Read today, with the constant commodification of sexual relations in the intervening decades, the great bulk of Miller’s books seem tame, awkward, self-conscious curios, the sort of stuff that collectors rush to gather but readers, in the main, pass over. In that light, it seems curious that two major American publishing houses should have found need to commission major biographies of Miller for publication in the centenary year of his birth. Yet here they are: two far different lives, both celebratory, both incomplete.

Mary Dearborn’s The Happiest Man Alive—its title taken from a characteristic Miller boast, “I have no money, no resources, no hopes; I am The Happiest Man Alive“—is, in the way of academic biographies these days, marked by pop-psych/postmodern self-satisfaction. The author seems content to write off Miller’s philandering, violent temper, anti-Semitism, fascist leanings, and other dark aspects as manifestations of the fin-de-siècle America into which he was born, and nothing more. A historian, Dearborn does not often consider Miller as a writer; for her, he is more a laboratory specimen on a Lost Generation mounting board. Despite its varnish of sometimes interesting feminist and psychoanalytical theories, Dearborn’s treatment remains stubbornly superficial.

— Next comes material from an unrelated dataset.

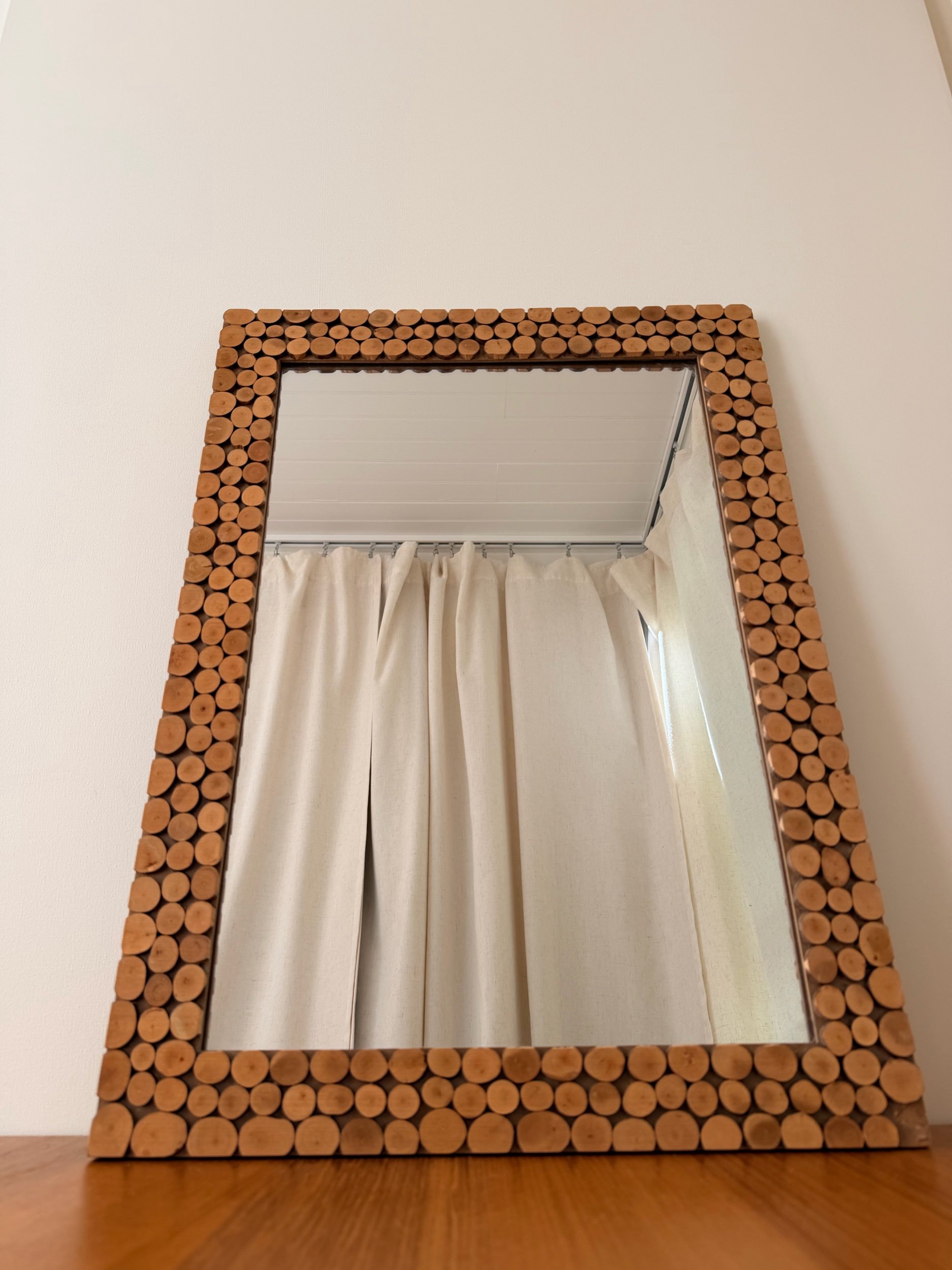 round wood pieces rectangular mirror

Dearborn is especially pressed to explain Miller’s most famous relationship, that with his second wife, June Smith, a dime-a-dancer who passed off Miller’s writing as her own to secure the patronage of a wealthy admirer. With the proceeds, the two went to Paris, eventually entering into a triad with Anais Nin, whose diaries give a more interesting picture of Miller than do either of his subsequent biographers. (The 1989 film Henry and June recapitulates their three-way affair; for its tawdry realism, the film earned the industry’s first NR rating, meaning something like “X with a plot.”) For Dearborn, June is little more than a grifter whose sole mission is to derail Miller’s career by systematically undoing him emotionally—a strange take, it would seem, for a feminist critic—rather than an equal player in a Bohemian funhouse.

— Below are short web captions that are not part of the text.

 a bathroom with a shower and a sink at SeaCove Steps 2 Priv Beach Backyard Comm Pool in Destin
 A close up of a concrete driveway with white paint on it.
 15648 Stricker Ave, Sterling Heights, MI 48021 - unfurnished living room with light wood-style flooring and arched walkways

June earns more sympathetic treatment in Robert Ferguson’s Henry Miller: A Life; in his eyes she becomes at least something more than a destructive siren. Ferguson is at pains to rationalize and defend Miller and his familiars at every turn. Like so many exponents of every counterculture known to history. Miller, for instance, was gullible in the extreme when it came to faddish religions, embracing Vedanta, theosophy, Scientology, and other occult doctrines indiscriminately; for Ferguson, “his spontaneous attraction to frauds” becomes not a mark of inconstant intellect but “an odd and even touching index of his credulity.” Ferguson’s breezy style makes his book a better bet for the casual reader than Dearborn’s drier academic approach, but on the whole it is a long exercise in People magazine journalism.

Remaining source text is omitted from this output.